Electronic – How does SDRAM refresh interact with ECC

error correctionsdram

I'm trying to understand how SDRAM hardware works if it also has ECC capability.

If a memory system has ECC capability it will be able to correct a single bit error in a block of memory and detect, but not correct, a multi-bit error. The way I understand it is that when the block of memory is read, the Error Correcting Code for that block is also read, and if there is a single bit flipped from what was originally written, it is automatically corrected by the memory controller.

Now SDRAM, by its nature, must refresh the data it holds or it will be corrupted over time. So it needs to read its memory cells and then rewrite the data back on a regular basis. From what I've read, this refresh read is slightly different from a regular memory read since it doesn't actually have to send data over the bus to the CPU so the refresh happens a whole bank at a time and just reads and writes the data back into the same cells without touching the bus.

My question is, does the ECC process come into play during the regular SDRAM refresh reads, or is that process bypassed in order to make the refreshes as fast as possible so that they won't tie up the memory system and inhibit regular memory accesses? If I have ECC SDRAM, do the single bit errors get automatically corrected on every refresh cycle or does the memory controller wait until an official memory access to detect and correct single bit errors?

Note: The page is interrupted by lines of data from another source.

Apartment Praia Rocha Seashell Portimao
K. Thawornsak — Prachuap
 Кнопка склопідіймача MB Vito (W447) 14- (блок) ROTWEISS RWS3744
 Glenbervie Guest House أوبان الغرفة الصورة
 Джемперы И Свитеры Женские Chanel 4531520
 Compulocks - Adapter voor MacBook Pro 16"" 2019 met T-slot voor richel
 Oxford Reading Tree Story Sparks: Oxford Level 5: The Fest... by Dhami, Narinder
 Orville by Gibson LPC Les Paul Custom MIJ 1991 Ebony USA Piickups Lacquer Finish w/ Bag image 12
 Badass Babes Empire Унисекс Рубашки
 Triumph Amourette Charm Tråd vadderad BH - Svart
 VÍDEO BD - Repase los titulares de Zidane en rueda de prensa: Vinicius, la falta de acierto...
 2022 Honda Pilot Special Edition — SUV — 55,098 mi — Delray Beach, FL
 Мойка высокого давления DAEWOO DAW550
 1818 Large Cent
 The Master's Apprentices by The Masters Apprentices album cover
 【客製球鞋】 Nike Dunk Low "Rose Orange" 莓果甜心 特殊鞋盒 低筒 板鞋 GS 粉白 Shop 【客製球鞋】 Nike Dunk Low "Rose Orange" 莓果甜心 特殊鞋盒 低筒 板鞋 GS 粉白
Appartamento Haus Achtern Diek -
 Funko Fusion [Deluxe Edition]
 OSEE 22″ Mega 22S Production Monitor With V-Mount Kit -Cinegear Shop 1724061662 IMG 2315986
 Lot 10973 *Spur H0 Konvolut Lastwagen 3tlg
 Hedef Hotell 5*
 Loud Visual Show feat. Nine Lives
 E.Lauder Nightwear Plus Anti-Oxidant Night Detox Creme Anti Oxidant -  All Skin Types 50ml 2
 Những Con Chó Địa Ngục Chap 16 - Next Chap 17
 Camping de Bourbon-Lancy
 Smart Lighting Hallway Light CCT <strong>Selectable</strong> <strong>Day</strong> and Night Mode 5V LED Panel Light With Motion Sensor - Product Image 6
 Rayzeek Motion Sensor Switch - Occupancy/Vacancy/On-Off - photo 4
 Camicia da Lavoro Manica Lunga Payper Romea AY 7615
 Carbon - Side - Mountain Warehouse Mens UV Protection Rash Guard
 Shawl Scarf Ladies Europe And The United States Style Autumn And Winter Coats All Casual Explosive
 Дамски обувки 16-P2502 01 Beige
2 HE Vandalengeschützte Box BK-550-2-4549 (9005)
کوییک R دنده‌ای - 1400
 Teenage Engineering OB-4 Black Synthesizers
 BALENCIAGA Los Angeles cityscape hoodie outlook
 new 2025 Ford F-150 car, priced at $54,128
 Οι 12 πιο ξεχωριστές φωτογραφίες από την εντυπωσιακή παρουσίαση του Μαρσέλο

Perhaps the answer might depend on the particular memory controller. I'm reading through the datasheet for an Intel 855GM/855GME Graphics and Memory Controller Hub to see if that particular controller does what I'm describing, but I haven't found an answer yet.

Best Answer

For starters, SDRAM Refresh does not technically move the data outside of the chip. At an academic level it is reading the data and writing the data back, but the SDRAM Data pins does not see that data-- it is done internally to the SDRAM chip itself. The SDRAM controller tells the SDRAM to do the refresh, but that is all that is seen externally.

ECC is done outside the SDRAM chip, in the SDRAM controller (usually located inside the CPU or chipset). There are also many different SDRAM controllers that support ECC, so it is hard to make general statements that are always correct. But I'll give it a shot.

When a memory location is read, and the data is corrupted but correctable, the corrected data is usually written back to RAM.

Some ECC controllers will use "inactive" time to read every memory location and, if there is a correctable error, write the corrected data back. The idea here is that this prevents a single bit error that is correctable from turning into an uncorrectable multi-bit error due to further "bit rot". There is a term for this feature that I am forgetting at this moment.

Reading every memory location is a nice idea, but on more modern computers this cannot be relied upon for effectively refreshing the SDRAM. Modern machines have a lot of memory and it takes a lot of time to read it. The built in refresh of the SDRAM chips works quite well. And doing this takes away valuable memory bandwidth from the CPU.

It is much better to just use the normal refresh, and then scan memory for errors in a low-priority task.